*Try it*.
Write the line that contains "日内瓦海报广告瑞士服装节（1931年） 作者 朱尔斯·库瓦西耶（Jules" and each one after it, word for word, ending with the final line of the data.
- - - -
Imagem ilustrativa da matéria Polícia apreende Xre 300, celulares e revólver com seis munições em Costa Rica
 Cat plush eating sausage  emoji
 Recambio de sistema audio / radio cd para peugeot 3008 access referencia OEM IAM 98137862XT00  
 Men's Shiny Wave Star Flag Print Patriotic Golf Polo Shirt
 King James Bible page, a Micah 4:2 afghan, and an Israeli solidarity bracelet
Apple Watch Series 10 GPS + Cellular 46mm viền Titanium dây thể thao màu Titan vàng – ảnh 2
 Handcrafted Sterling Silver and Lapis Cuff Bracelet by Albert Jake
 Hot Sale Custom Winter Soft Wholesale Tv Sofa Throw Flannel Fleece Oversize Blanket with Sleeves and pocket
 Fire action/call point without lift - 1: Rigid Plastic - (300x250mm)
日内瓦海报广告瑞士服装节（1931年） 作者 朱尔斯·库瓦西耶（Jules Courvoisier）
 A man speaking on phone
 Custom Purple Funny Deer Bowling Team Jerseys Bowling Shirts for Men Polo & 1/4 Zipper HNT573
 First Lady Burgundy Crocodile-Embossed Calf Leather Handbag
- - - -
*Answer box*.
日内瓦海报广告瑞士服装节（1931年） 作者 朱尔斯·库瓦西耶（Jules Courvoisier）
 A man speaking on phone
 Custom Purple Funny Deer Bowling Team Jerseys Bowling Shirts for Men Polo & 1/4 Zipper HNT573
 First Lady Burgundy Crocodile-Embossed Calf Leather Handbag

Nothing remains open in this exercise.